#### TASK TO COMPLETE:
Omitting all pictures, copy word for word the lines from the line containing "Human Body: A" through the final line of the entries.

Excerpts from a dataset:
___
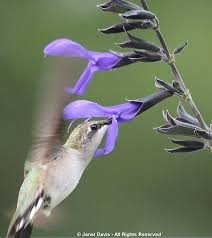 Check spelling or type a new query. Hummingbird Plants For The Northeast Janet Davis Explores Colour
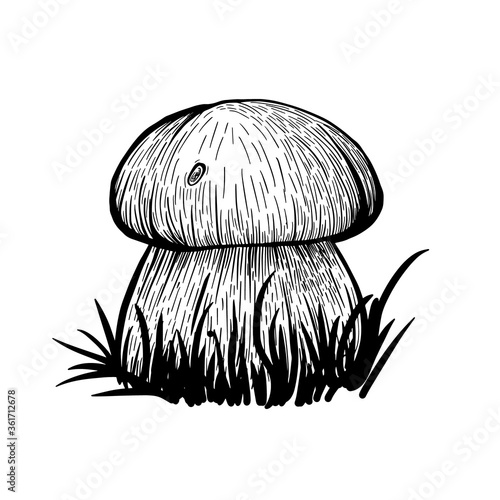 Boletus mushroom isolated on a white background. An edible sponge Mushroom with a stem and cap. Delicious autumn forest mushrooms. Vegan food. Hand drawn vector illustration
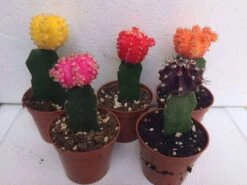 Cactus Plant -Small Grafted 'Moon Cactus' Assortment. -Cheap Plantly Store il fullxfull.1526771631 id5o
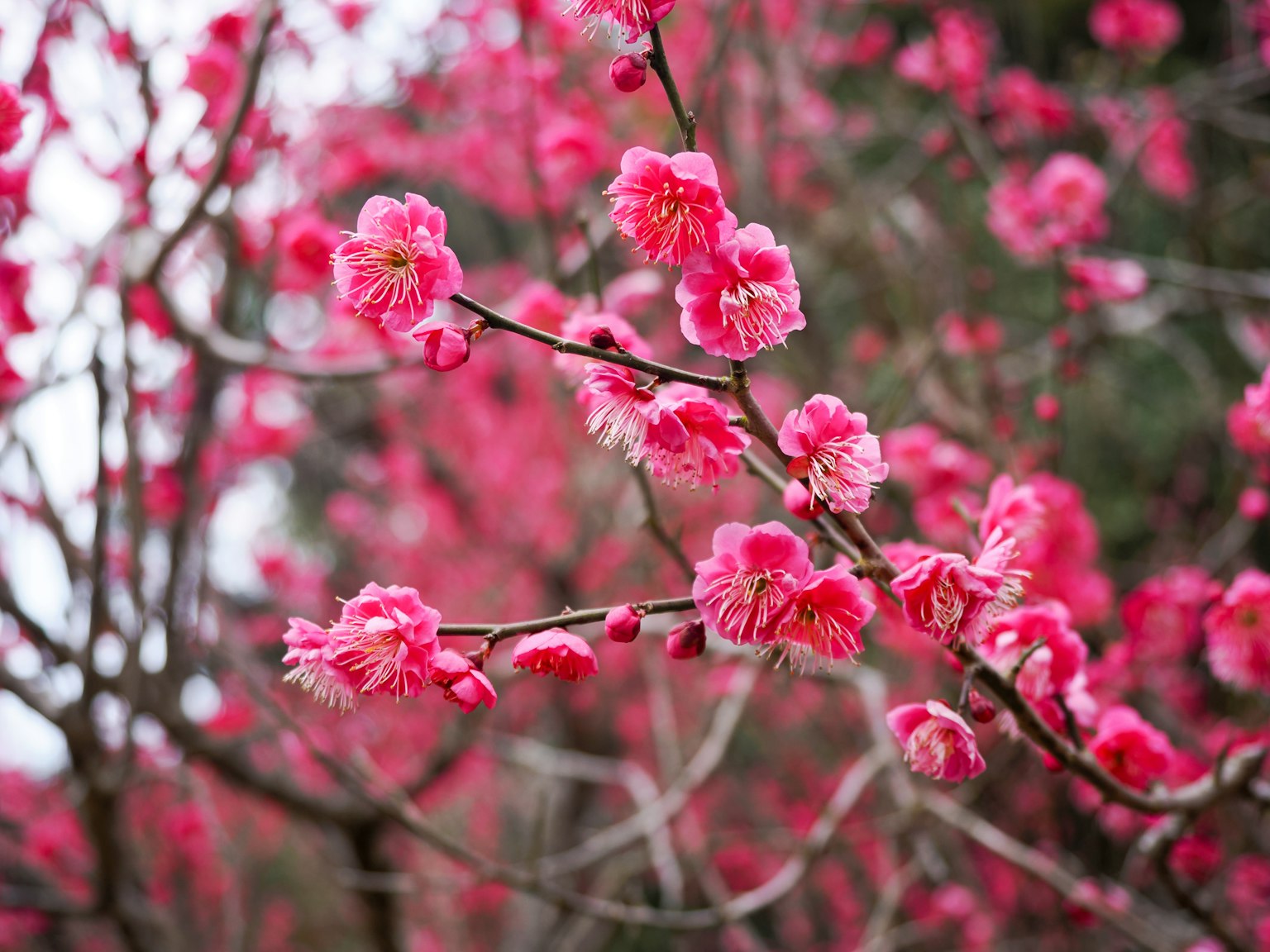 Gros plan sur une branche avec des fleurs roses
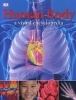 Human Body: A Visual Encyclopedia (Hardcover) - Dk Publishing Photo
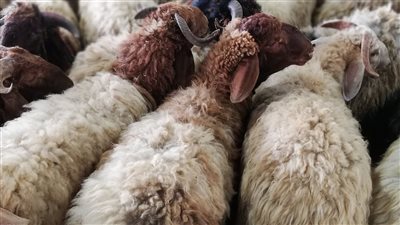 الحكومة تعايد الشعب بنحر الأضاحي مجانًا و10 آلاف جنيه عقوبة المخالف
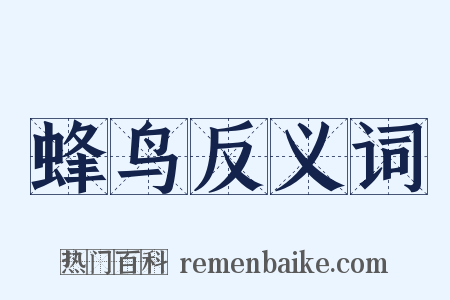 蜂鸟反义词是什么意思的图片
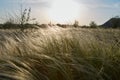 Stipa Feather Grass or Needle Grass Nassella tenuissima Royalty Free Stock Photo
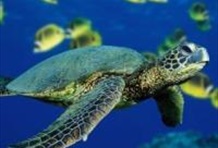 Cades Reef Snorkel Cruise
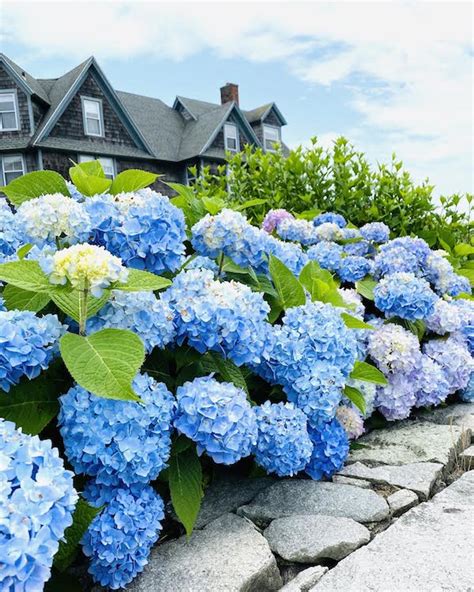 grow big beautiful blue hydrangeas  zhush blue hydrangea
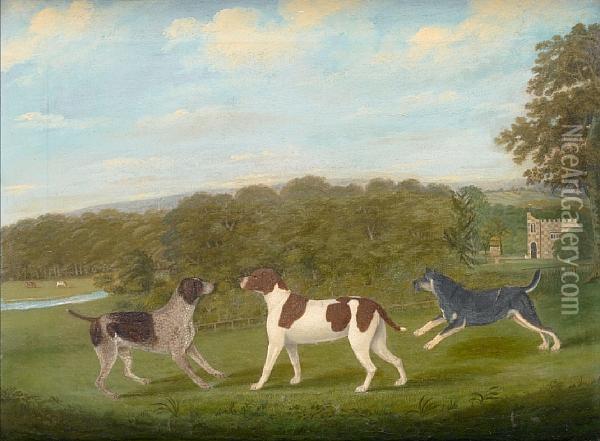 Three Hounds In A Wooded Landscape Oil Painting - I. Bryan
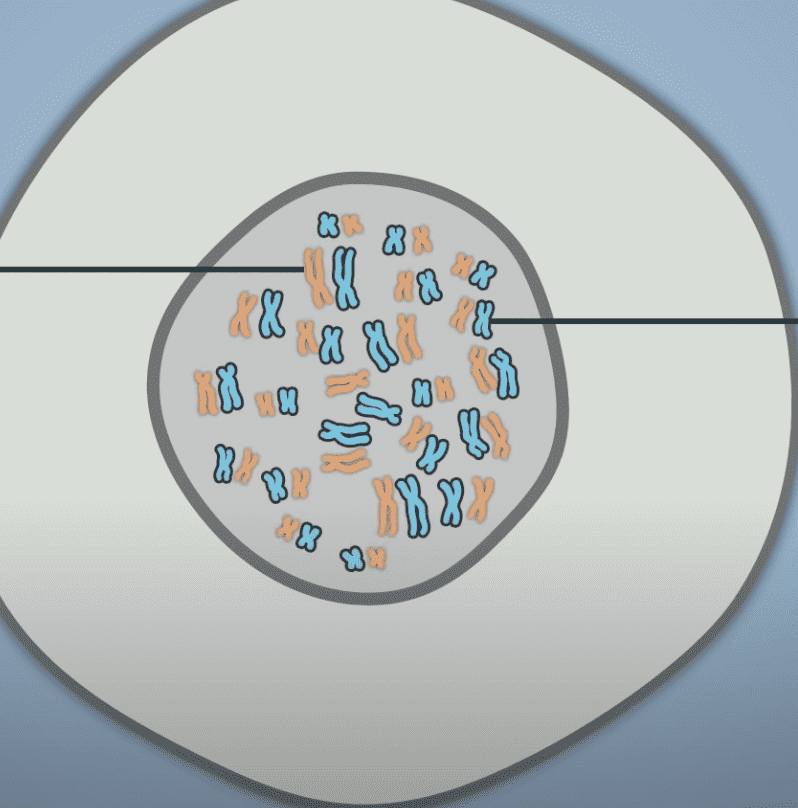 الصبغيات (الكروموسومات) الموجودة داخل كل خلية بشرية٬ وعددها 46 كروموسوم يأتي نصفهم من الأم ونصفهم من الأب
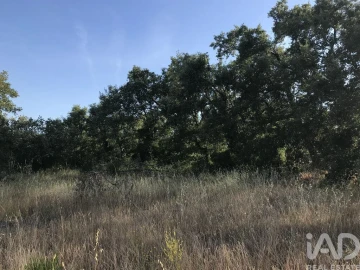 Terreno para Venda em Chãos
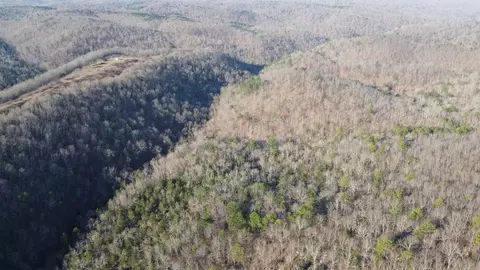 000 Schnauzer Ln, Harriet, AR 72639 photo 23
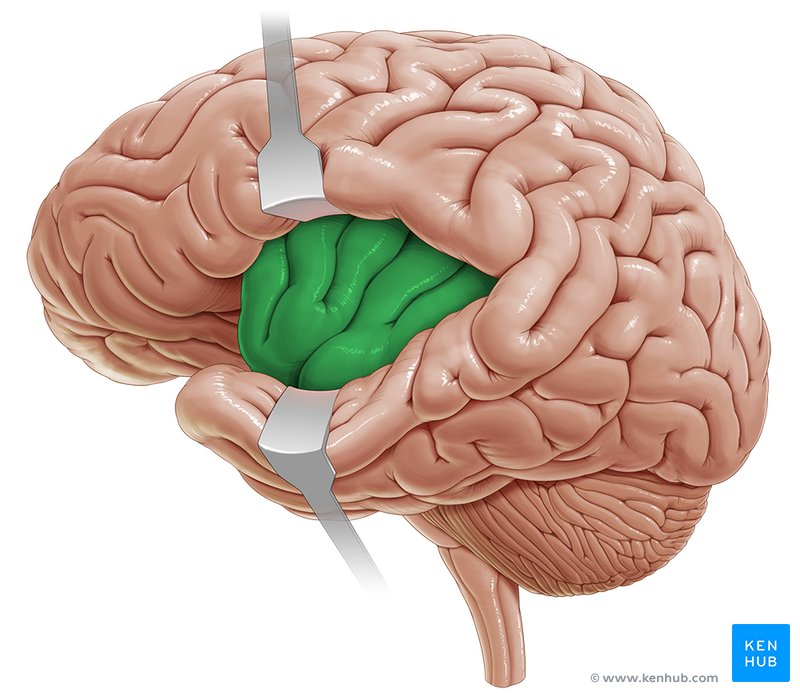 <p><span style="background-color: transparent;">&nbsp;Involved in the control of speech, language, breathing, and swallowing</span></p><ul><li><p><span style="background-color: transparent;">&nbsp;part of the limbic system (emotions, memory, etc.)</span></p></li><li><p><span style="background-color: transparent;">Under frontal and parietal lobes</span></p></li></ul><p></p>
___
#### OUTPUT:
 Human Body: A Visual Encyclopedia (Hardcover) - Dk Publishing Photo
 الحكومة تعايد الشعب بنحر الأضاحي مجانًا و10 آلاف جنيه عقوبة المخالف
 蜂鸟反义词是什么意思的图片
 Stipa Feather Grass or Needle Grass Nassella tenuissima Royalty Free Stock Photo
 Cades Reef Snorkel Cruise
 grow big beautiful blue hydrangeas  zhush blue hydrangea
 Three Hounds In A Wooded Landscape Oil Painting - I. Bryan
 الصبغيات (الكروموسومات) الموجودة داخل كل خلية بشرية٬ وعددها 46 كروموسوم يأتي نصفهم من الأم ونصفهم من الأب
 Terreno para Venda em Chãos
 000 Schnauzer Ln, Harriet, AR 72639 photo 23
 <p><span style="background-color: transparent;">&nbsp;Involved in the control of speech, language, breathing, and swallowing</span></p><ul><li><p><span style="background-color: transparent;">&nbsp;part of the limbic system (emotions, memory, etc.)</span></p></li><li><p><span style="background-color: transparent;">Under frontal and parietal lobes</span></p></li></ul><p></p>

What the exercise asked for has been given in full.